Aim of the exercise: Take the line that contains "Майка Carolina женская, бирюзовый" as the start and the last line of the entries as the end, and print both and everything between them exactly, without the pictures.

·····

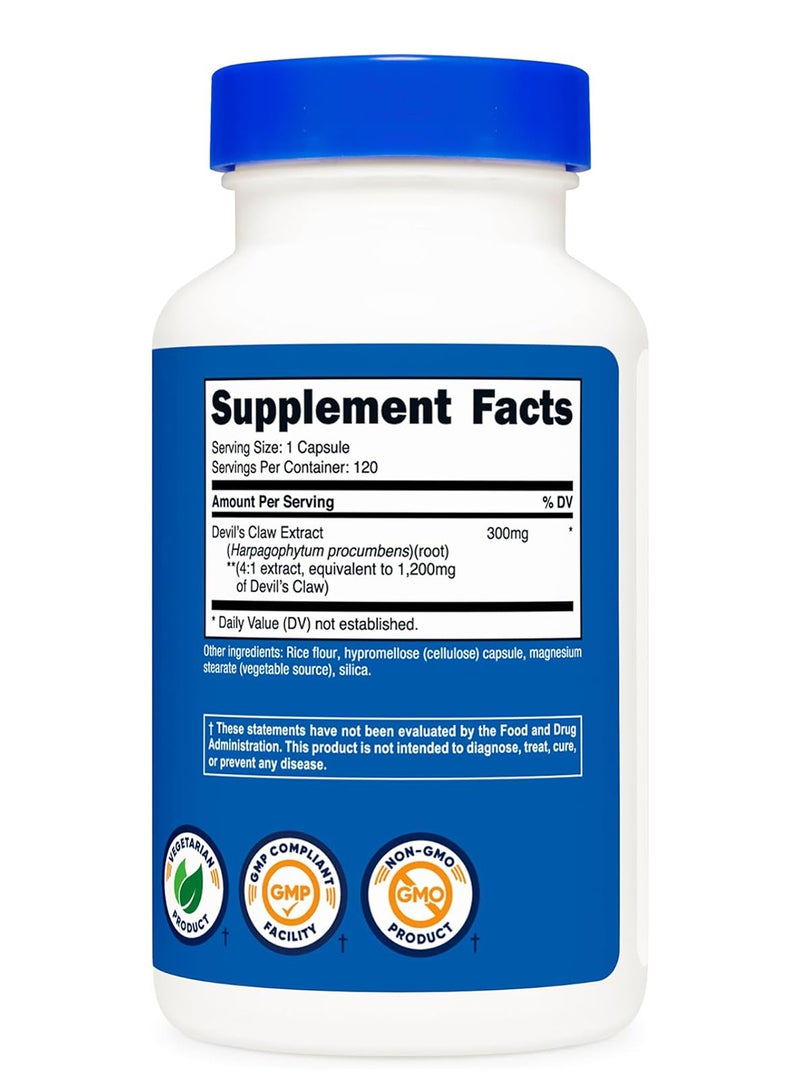 Nutricost S Claw 1200 Mg Equivalent 120 Capsules - Image 5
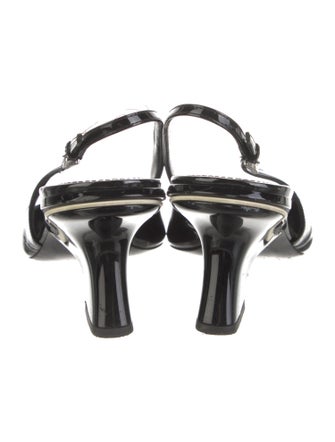 Prada Patent Leather Slingback Pumps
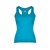 Майка Carolina женская, бирюзовый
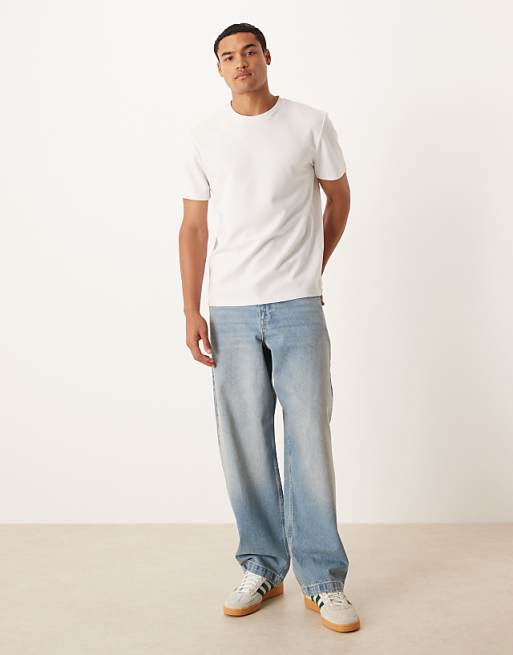 DESIGN Loose straight dirty midwash jean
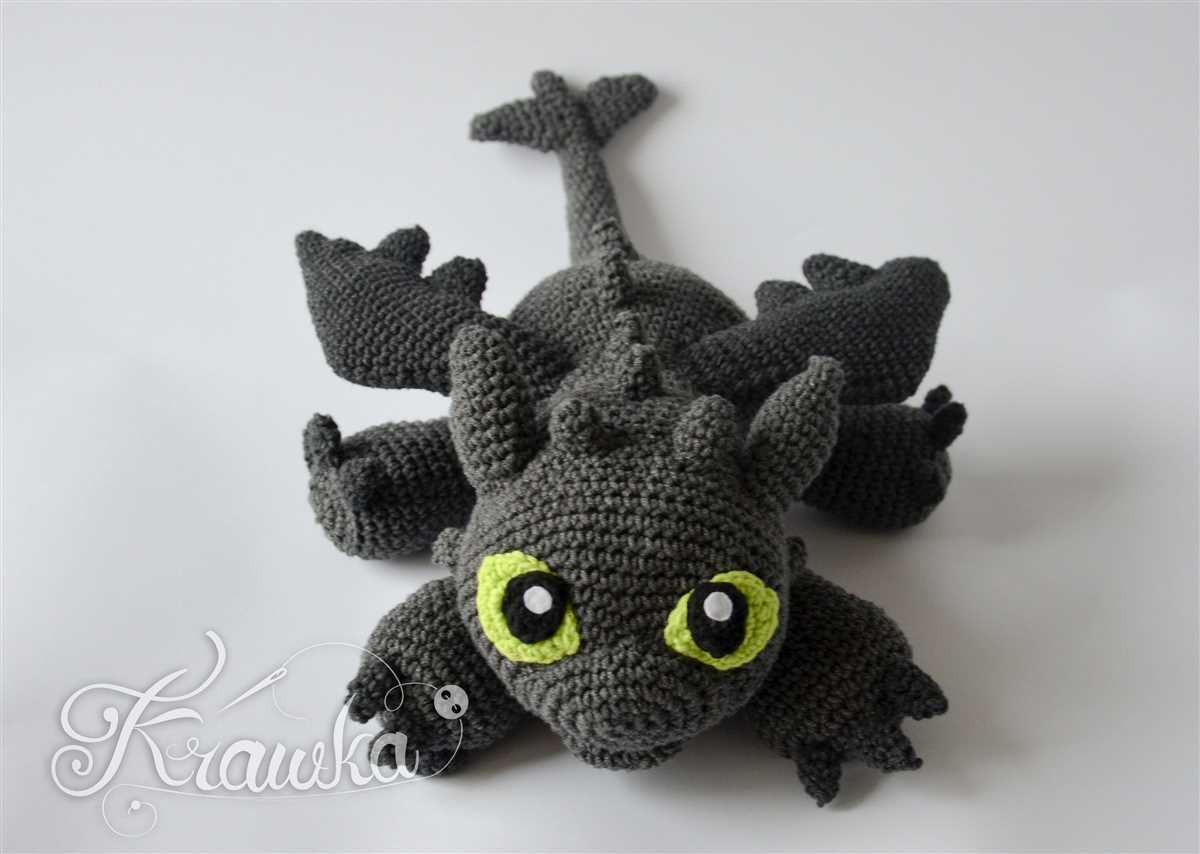 Toothless knitting pattern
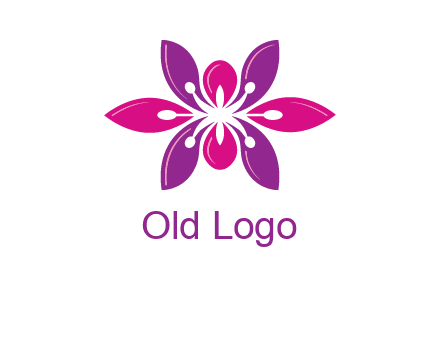 abstract lotus beauty logo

·····

Answer box:
 Майка Carolina женская, бирюзовый
 DESIGN Loose straight dirty midwash jean
 Toothless knitting pattern
 abstract lotus beauty logo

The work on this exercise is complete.